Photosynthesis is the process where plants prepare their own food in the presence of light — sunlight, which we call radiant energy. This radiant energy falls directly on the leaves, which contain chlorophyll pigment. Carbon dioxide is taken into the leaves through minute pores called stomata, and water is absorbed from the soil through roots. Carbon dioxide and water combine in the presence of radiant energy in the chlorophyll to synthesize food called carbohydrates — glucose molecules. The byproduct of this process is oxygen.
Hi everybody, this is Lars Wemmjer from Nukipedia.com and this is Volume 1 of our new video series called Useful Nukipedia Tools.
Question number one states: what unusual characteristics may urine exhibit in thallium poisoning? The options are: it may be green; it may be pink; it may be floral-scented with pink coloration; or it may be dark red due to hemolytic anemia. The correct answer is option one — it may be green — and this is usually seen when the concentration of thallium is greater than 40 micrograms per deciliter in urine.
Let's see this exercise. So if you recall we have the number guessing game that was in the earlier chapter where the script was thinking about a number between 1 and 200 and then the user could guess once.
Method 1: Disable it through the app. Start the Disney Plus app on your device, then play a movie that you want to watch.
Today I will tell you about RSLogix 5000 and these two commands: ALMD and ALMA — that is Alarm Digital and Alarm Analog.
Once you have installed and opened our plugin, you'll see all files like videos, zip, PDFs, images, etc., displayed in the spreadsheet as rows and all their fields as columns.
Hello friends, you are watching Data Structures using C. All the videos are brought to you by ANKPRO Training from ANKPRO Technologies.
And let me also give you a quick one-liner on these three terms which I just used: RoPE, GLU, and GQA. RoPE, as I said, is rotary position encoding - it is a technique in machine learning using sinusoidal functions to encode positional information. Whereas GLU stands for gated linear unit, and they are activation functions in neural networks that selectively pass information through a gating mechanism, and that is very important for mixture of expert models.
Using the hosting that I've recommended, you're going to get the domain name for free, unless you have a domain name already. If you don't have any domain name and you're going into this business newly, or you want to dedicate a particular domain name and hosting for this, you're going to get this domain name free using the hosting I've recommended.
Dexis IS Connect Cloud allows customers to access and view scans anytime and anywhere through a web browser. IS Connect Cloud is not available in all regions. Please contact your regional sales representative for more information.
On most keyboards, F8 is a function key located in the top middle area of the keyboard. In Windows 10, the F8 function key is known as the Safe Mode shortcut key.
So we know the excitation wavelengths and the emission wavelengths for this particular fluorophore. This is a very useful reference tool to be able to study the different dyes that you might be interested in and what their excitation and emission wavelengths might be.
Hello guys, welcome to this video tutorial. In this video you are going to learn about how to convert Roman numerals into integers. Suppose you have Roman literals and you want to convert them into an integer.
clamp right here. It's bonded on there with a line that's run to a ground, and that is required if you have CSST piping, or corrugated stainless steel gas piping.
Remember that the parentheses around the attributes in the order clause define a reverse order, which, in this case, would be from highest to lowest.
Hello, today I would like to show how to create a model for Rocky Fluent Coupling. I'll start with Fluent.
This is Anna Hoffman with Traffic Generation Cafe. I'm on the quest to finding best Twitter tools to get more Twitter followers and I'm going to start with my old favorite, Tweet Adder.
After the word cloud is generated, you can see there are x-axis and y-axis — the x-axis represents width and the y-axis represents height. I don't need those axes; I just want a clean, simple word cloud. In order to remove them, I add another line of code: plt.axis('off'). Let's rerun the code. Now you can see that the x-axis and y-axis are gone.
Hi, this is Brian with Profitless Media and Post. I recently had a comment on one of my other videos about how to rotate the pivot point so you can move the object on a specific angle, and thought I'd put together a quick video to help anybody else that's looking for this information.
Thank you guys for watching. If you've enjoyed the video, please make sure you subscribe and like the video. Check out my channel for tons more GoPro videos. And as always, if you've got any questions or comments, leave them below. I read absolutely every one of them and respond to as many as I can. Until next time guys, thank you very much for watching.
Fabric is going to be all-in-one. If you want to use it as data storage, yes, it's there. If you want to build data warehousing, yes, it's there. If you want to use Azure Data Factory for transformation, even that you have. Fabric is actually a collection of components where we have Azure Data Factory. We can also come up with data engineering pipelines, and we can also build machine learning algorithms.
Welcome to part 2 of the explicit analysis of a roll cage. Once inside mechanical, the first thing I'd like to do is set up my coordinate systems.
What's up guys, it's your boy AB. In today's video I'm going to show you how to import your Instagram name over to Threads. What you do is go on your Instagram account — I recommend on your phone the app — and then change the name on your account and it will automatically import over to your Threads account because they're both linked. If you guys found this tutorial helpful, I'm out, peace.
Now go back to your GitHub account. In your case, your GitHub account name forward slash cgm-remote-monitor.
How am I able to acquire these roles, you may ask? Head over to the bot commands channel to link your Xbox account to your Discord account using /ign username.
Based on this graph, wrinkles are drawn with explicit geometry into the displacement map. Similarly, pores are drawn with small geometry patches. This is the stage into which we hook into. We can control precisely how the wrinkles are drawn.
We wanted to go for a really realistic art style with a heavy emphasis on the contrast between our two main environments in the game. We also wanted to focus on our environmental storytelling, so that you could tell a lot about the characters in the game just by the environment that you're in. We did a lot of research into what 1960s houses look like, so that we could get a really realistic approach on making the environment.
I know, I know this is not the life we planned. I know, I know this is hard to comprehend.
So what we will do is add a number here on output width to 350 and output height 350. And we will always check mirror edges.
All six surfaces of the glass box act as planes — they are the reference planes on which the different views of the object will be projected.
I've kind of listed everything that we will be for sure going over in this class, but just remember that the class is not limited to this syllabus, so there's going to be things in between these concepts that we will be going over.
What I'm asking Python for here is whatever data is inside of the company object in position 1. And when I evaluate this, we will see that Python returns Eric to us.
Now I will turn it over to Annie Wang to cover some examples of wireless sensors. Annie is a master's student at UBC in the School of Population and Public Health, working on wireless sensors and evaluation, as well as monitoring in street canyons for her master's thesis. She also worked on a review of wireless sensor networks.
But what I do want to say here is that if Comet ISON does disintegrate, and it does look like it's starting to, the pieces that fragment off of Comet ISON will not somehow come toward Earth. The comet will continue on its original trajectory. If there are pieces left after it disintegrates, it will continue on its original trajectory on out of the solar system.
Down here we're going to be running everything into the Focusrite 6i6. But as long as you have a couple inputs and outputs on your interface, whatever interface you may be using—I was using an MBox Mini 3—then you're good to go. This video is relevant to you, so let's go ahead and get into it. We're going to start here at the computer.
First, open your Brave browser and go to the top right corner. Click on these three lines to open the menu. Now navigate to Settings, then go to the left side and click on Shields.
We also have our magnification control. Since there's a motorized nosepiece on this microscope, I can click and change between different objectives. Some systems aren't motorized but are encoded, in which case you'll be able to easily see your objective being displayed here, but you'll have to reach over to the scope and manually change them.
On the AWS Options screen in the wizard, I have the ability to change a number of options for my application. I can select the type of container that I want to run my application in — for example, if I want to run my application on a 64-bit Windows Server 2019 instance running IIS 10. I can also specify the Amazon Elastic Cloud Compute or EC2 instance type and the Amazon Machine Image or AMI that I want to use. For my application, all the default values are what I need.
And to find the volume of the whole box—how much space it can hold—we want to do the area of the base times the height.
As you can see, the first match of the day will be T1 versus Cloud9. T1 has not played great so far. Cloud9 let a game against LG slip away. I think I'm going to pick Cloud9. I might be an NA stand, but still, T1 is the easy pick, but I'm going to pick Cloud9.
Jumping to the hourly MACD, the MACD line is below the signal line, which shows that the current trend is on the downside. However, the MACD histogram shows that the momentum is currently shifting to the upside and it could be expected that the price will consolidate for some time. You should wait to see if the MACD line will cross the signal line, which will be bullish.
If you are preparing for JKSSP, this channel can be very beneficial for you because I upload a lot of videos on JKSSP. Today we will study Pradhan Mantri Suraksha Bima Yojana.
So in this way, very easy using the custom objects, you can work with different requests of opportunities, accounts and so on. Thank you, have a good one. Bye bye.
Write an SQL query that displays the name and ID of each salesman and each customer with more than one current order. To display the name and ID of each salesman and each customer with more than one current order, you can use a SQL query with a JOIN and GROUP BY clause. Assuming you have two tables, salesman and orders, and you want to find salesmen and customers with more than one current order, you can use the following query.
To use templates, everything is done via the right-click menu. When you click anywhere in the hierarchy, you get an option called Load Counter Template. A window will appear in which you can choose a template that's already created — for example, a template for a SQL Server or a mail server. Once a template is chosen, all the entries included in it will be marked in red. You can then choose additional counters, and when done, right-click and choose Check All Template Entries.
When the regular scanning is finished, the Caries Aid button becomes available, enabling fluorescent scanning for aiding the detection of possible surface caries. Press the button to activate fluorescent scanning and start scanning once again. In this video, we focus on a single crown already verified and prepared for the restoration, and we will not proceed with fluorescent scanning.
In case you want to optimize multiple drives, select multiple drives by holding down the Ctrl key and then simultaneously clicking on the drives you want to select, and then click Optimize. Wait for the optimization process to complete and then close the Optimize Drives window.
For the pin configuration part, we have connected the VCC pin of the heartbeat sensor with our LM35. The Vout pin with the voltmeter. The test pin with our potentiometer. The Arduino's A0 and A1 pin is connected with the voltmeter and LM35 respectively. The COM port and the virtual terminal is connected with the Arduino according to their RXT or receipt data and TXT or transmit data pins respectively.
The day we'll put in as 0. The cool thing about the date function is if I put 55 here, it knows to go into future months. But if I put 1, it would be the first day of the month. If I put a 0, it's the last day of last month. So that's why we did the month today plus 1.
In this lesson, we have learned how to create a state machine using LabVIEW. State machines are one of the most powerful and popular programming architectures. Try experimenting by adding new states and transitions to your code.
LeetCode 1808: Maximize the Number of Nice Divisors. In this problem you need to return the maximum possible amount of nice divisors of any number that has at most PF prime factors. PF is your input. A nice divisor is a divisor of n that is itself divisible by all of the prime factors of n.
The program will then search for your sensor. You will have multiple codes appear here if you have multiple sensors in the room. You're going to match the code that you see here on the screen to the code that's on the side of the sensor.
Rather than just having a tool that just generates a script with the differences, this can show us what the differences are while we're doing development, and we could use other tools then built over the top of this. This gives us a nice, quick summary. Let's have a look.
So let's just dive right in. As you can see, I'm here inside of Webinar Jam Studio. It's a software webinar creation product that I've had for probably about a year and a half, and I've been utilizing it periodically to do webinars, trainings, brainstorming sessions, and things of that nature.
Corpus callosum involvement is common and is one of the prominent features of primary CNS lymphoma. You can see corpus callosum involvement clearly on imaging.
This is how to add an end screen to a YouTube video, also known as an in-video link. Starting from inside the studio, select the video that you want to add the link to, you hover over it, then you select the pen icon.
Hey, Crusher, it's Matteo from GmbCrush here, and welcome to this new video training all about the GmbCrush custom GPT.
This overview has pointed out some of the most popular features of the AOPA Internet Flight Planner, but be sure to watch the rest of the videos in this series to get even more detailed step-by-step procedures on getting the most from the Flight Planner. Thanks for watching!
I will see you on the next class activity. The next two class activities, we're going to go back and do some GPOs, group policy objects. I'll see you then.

◇ ◇ ◇ ◇ ◇

» **TASK INSTRUCTIONS**
Print, from the entries above, the line with "Based on this", the line with "But what I do" and all lines between them, exactly and with nothing else.

» **FINISHED TASK**
Based on this graph, wrinkles are drawn with explicit geometry into the displacement map. Similarly, pores are drawn with small geometry patches. This is the stage into which we hook into. We can control precisely how the wrinkles are drawn.
We wanted to go for a really realistic art style with a heavy emphasis on the contrast between our two main environments in the game. We also wanted to focus on our environmental storytelling, so that you could tell a lot about the characters in the game just by the environment that you're in. We did a lot of research into what 1960s houses look like, so that we could get a really realistic approach on making the environment.
I know, I know this is not the life we planned. I know, I know this is hard to comprehend.
So what we will do is add a number here on output width to 350 and output height 350. And we will always check mirror edges.
All six surfaces of the glass box act as planes — they are the reference planes on which the different views of the object will be projected.
I've kind of listed everything that we will be for sure going over in this class, but just remember that the class is not limited to this syllabus, so there's going to be things in between these concepts that we will be going over.
What I'm asking Python for here is whatever data is inside of the company object in position 1. And when I evaluate this, we will see that Python returns Eric to us.
Now I will turn it over to Annie Wang to cover some examples of wireless sensors. Annie is a master's student at UBC in the School of Population and Public Health, working on wireless sensors and evaluation, as well as monitoring in street canyons for her master's thesis. She also worked on a review of wireless sensor networks.
But what I do want to say here is that if Comet ISON does disintegrate, and it does look like it's starting to, the pieces that fragment off of Comet ISON will not somehow come toward Earth. The comet will continue on its original trajectory. If there are pieces left after it disintegrates, it will continue on its original trajectory on out of the solar system.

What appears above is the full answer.